« Je sais, Votre Excellence a-t-elle de bonnes idées ? »
Ye Lingfeng fixa Zhongli d'un regard humble et respectueux. Zhongli, voyant le regard de l'empereur, ne put s'empêcher de tousser à deux reprises, réfléchit un instant, puis secoua la tête : « Ce vieux ministre n'a pas le choix. »
Dans la salle d'étude, les autres fonctionnaires ricanaient intérieurement : « Vous n'avez pas le choix. Pourquoi faites-vous semblant de vous soucier du peuple ? Tout le monde le sait. »
Dans le bureau, le silence régnait. Ye Lingfeng, n'ayant plus confiance en ces fonctionnaires, réfléchissait sérieusement à la manière de gérer la situation. Il avait déjà étudié la situation géographique du sud et une idée préliminaire lui était venue. Les terres basses du sud provoquaient l'accumulation des eaux de pluie, réduisant ainsi les revenus quotidiens. Il suffisait donc de creuser des fossés et des canaux. Cependant, ces travaux nécessitaient l'intervention d'experts en hydraulique. De plus, il superviserait personnellement le chantier afin d'empêcher toute exploitation de la situation et toute négligence.
Mais cela engendre des dépenses supplémentaires. Le budget du second semestre est déjà fortement déficitaire. L'ouverture de fossés et de canaux pour les terres du sud va encore alourdir la facture. D'où proviendront les fonds nécessaires
?
Ye Lingfeng se creusait la tête pour trouver où il pourrait trouver l'argent.
Alors qu'il était plongé dans ses pensées, un eunuque entra et annonça : « Votre Majesté, l'Impératrice est arrivée. »
En apprenant l'arrivée de Ling'er, la froideur du visage de Ye Lingfeng s'estompa et l'aura féroce qui l'entourait se dissipa considérablement. Il fit un signe de la main au petit eunuque
: «
Laissez entrer Sa Majesté.
»
"Oui."
Le jeune eunuque se retira.
Dans le cabinet de travail impérial, le Premier ministre Zhongli se leva et déclara d'un ton pressant : « Votre Majesté, nous sommes en pleine discussion. Ce cabinet de travail est un lieu de discussions. L'Impératrice n'est qu'une concubine du harem. Comment une simple femme peut-elle venir aussi facilement dans le cabinet de travail impérial ? »
Dès que Zhongli eut fini de parler, tous les ministres qui l'entouraient le regardèrent, puis se tournèrent vers la porte.

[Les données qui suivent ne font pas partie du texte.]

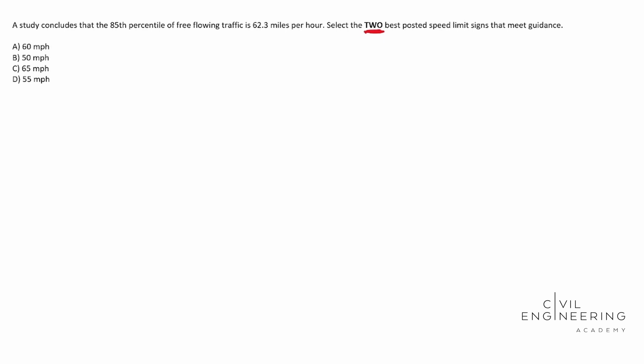So I ended up finding a little bullet point on page 58. So we're going to go PE. This is for the PE exam and we're going to be looking in the MUTCD and this is the 2009 version and we need to be in page 58.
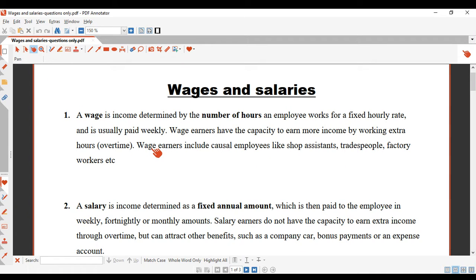We're going to look at wages and salaries today. Wages are income determined by the number of hours an employee works for a fixed hourly rate. So let's say you're working at Maccas, earning $10 an hour — your income is determined by the number of hours you work at that rate. That is an example of a wage earner.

Zhongli suivit son regard et vit l'Impératrice le contempler avec un demi-sourire devant le Bureau Impérial. Son regard était insondable, et Zhongli ne put s'empêcher de ressentir un frisson. Cependant, il était désormais Premier ministre et à la tête des Six Ministères. Comment pouvait-il se permettre de montrer la moindre faiblesse face à l'Impératrice en public
? Aussi, Zhongli se redressa et adopta une attitude intrépide.
À la porte, Hailing jeta un coup d'œil à Zhongli. Elle détestait ce Premier ministre au plus haut point. Bien qu'il fût un modèle pour tous les fonctionnaires, il n'en avait pas l'attitude. Il hésitait à prendre les devants quand il le fallait, mais s'empressait de le faire quand il ne le fallait pas. S'il avait été un vieux pédant, cela n'aurait pas posé de problème, mais c'était un vieil homme rusé et perfide, ce qui le rendait extrêmement agaçant. Pour l'instant, elle ne l'avait pas pris la main dans le sac, mais si cela avait été le cas, ce serait la fin de la famille Zhong. À présent, au lieu de se protéger, il savait comment semer le trouble.

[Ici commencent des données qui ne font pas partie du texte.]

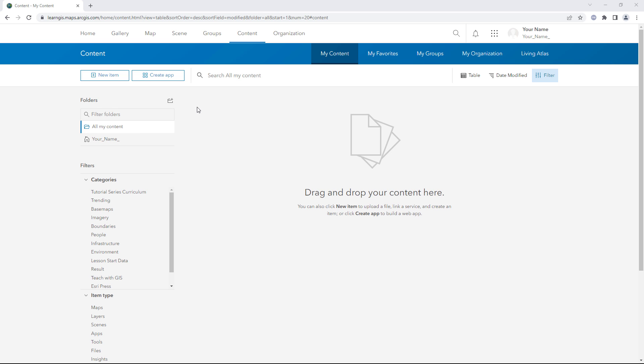You have some data mapping the water quality of streams in London, England. You want your colleagues to be able to edit this data as updates come in. However, you also want to share the data with the public and you don't want to allow the public to edit it.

Hai Ling détourna le regard, prit une boîte de nourriture et se dirigea vers l'Empereur en parlant lentement et posément.
« Votre Excellence, quel ton arrogant ! Les femmes ne sont-elles pas des êtres humains ? Vous croyez que je ne peux même pas entrer dans le cabinet impérial ? Votre Excellence se souvient-elle de qui vous a donné naissance et de qui vous a élevé ? Sans les femmes, où seriez-vous ? Dites-moi, Votre Excellence, qu'est-ce qui est le plus important, les femmes ou vous ? »
Hai Ling se tenait aux côtés de l'Empereur, tandis que Ye Lingfeng restait silencieux, ne montrant aucune intention de l'arrêter.
Dans le cabinet impérial, les ministres se tenaient à distance du Premier ministre. Ce dernier était complètement déconnecté de la réalité. Chacun savait que l'impératrice de Bei Lu était très intelligente. Maintenant qu'elle était arrivée, tous attendaient avec impatience que quelqu'un propose des solutions au problème actuel. Il était d'ailleurs très bavard.
Tant que le pays prospère, peu importe qu'elle soit une femme ou un homme.
Cependant, le Premier ministre Zhongli ne pouvait pas comprendre ce que pensaient les ministres, car il était tellement en colère contre les paroles de Hailing que son visage devint noir et il pointa Hailing du doigt, le corps tremblant.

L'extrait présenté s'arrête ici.